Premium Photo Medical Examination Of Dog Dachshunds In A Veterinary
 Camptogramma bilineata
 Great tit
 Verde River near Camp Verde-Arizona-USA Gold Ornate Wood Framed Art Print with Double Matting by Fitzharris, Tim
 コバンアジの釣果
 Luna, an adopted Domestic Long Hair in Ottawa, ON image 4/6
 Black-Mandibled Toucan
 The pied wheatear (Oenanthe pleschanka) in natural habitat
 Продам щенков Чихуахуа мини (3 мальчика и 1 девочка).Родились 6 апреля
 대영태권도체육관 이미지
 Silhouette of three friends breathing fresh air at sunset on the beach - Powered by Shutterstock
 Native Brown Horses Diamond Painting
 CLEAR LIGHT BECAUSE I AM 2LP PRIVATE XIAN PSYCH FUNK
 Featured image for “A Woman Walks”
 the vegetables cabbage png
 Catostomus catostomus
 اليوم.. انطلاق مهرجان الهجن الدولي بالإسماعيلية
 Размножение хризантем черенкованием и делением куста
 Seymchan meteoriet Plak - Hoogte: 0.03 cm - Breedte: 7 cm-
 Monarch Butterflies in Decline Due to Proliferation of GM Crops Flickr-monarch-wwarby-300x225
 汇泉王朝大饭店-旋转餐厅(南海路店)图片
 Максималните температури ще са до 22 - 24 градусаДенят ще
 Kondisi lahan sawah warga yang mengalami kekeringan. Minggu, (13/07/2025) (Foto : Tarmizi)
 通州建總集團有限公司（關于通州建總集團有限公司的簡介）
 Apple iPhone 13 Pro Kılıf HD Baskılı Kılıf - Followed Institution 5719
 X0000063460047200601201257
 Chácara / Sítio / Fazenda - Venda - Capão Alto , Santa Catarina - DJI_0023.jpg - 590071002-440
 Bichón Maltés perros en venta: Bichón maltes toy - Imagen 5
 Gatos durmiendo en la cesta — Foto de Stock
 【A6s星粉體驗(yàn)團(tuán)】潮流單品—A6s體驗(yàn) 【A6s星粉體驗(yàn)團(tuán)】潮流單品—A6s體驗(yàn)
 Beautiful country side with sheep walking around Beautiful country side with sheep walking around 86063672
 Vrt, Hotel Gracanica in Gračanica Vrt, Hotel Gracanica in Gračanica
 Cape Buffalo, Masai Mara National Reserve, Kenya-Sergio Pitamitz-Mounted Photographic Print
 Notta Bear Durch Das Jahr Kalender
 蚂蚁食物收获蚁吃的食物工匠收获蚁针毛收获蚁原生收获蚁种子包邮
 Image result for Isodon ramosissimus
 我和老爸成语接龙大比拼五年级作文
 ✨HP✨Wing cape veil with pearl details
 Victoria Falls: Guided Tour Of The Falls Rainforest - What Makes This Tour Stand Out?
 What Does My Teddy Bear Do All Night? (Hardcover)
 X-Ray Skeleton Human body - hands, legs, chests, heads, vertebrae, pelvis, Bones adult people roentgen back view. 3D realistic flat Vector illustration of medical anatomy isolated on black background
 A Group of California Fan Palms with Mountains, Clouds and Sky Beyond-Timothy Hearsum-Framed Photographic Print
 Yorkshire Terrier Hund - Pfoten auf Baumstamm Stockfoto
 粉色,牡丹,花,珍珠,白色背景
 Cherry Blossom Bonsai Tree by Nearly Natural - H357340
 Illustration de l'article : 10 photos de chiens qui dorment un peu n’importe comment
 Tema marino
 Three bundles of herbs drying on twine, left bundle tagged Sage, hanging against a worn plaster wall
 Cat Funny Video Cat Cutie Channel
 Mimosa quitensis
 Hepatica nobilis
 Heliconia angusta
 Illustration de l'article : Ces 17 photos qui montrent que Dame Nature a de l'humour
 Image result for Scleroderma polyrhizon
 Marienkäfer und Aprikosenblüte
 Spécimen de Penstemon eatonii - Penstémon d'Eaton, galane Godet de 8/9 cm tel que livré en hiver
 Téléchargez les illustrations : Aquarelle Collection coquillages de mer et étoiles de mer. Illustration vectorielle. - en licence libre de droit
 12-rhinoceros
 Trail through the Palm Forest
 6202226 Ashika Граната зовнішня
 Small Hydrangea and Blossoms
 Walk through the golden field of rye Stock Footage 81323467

● **Work to complete**: From the entries above, return exactly the line containing "Gatos durmiendo en la cesta — Foto de Stock", the line containing "Image result for Isodon ramosissimus", and all lines between, and nothing else.

● **Output of the task**:
 Gatos durmiendo en la cesta — Foto de Stock
 【A6s星粉體驗(yàn)團(tuán)】潮流單品—A6s體驗(yàn) 【A6s星粉體驗(yàn)團(tuán)】潮流單品—A6s體驗(yàn)
 Beautiful country side with sheep walking around Beautiful country side with sheep walking around 86063672
 Vrt, Hotel Gracanica in Gračanica Vrt, Hotel Gracanica in Gračanica
 Cape Buffalo, Masai Mara National Reserve, Kenya-Sergio Pitamitz-Mounted Photographic Print
 Notta Bear Durch Das Jahr Kalender
 蚂蚁食物收获蚁吃的食物工匠收获蚁针毛收获蚁原生收获蚁种子包邮
 Image result for Isodon ramosissimus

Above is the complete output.